We also know about the structure that helps us move one byte to the left one bit or move one byte to the right one bit. These structures are left shifter and right shifter in order. These structures can also be shortened by “SHL” and “SHR” in order. For example for “SHL”, with one byte of “10001000”, we will have another byte of “00010000” (assuming we have “0” as “carry in”).
The ANDER, NOTTER, ORER, XORER, SHL and SHR all will be referred to as “logic” structures. The “logic” word can mean something that derives from one or many other things. But this is not clear because the ADDER also has one byte as the output from two other bytes. But ADDER is not called “logic”.

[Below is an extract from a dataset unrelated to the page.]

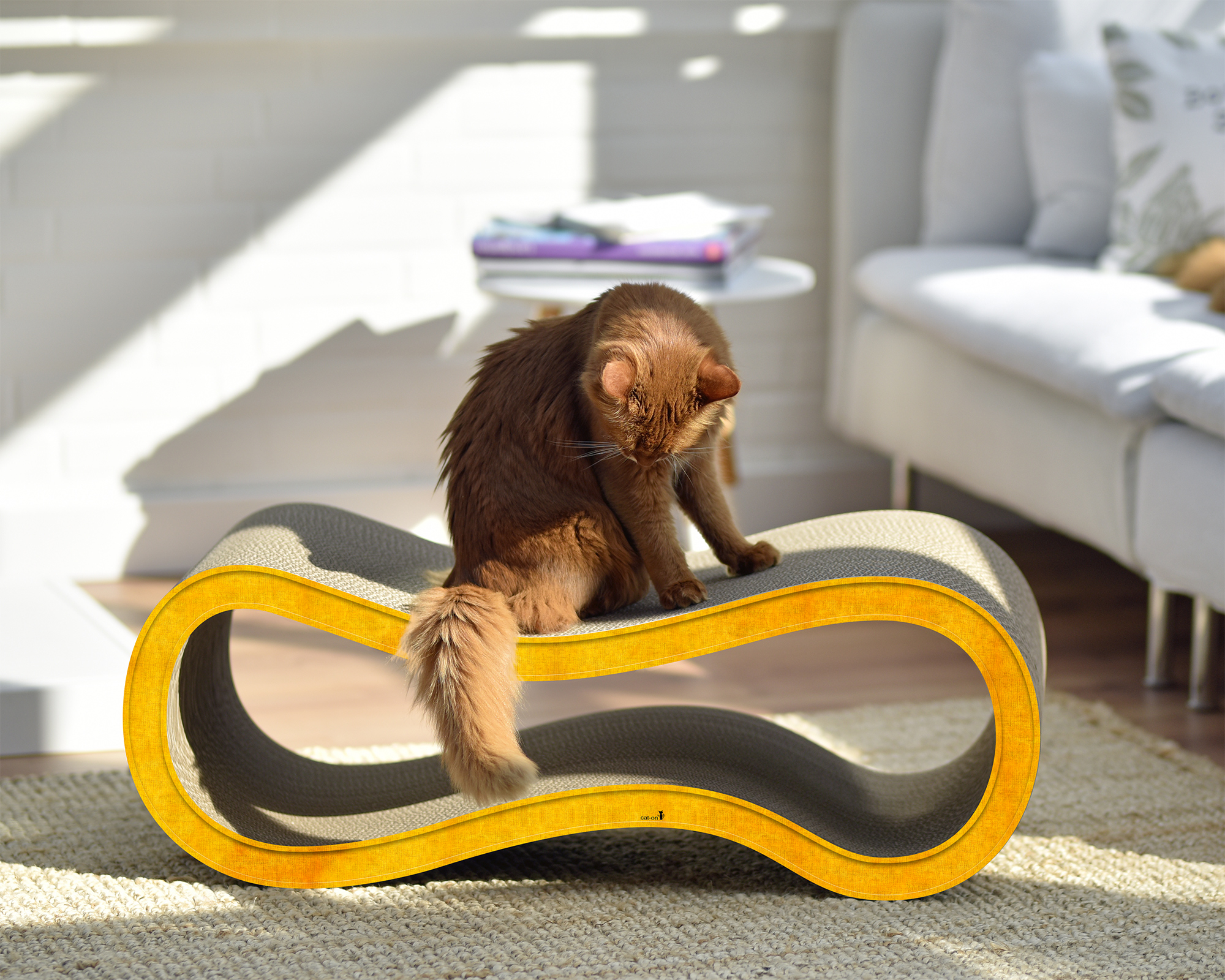 Katze auf SINGHA-L – moderner Design-Kratzbaum aus Kratzpappe von cat-on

We also have the structure that is used for calculating the summation of two bytes that is ADDER. The ADDER will be called the “arithmetic” structure. It is clear because it conducts arithmetic calculation on byte inputs.
In this post, we will build a structure that comprises both “logic” and “arithmetic” structures. This structure is called the arithmetic logic unit (ALU). The name of the structure also reflects the components of it. Yeah! This structure will comprise all the logic and arithmetic structure that I mentioned above.

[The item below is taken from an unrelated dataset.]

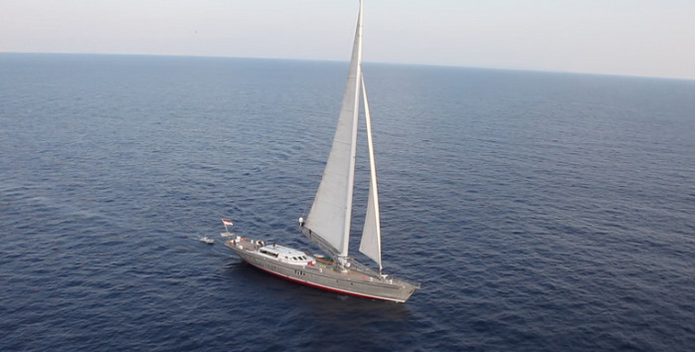 Dwinger yacht charter Royal Huisman Sail Yacht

Look at the diagram below to understand about this ALU:
First, you can see two byte inputs are “a” and “b”. Some structures receive two bytes as inputs (ANDER, ORER, XORER and ADDER). But some other structures receive one byte as input (SHL, SHR and NOTTER). Each of these structures will connect to one enabler.

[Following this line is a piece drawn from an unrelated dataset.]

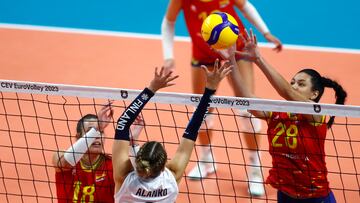 Tallinn (Estonia), 21/08/2023.- Kaisa Alanko of Finland in action against Carolina Camino Fernandez (R) and Carla Jimenez Ruiz of Spain during the EuroVolley 2023 pool D volleyball match between Spain and Finland, in Tallinn, Estonia, 21 August 2023. (Finlandia, España) EFE/EPA/TOMS KALNINS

Each of the enablers will connect with one of seven the outputs of decoder 3 x 8. You can see that we have an ‘op’ code (such as 000,...) that has three wires on the diagram. This ‘op’ is short for “operation”, it will decide which structure (ANDER, NOTTER, …) will output the result to the common bus “c” after the enabler by “turning on” corresponding enablers. Below is some code for logic and arithmetic structures to be “on”:
We have mentioned three inputs of ALU (two byte inputs and ‘op’ code). Now, we also have ‘carry in’ input, this ‘carry in’ input is used for three structures: SHL, SHR and ADDER. According to which structure performs the function, the ‘carry in’ bit will be used for that structure for the result on the common bus “c”.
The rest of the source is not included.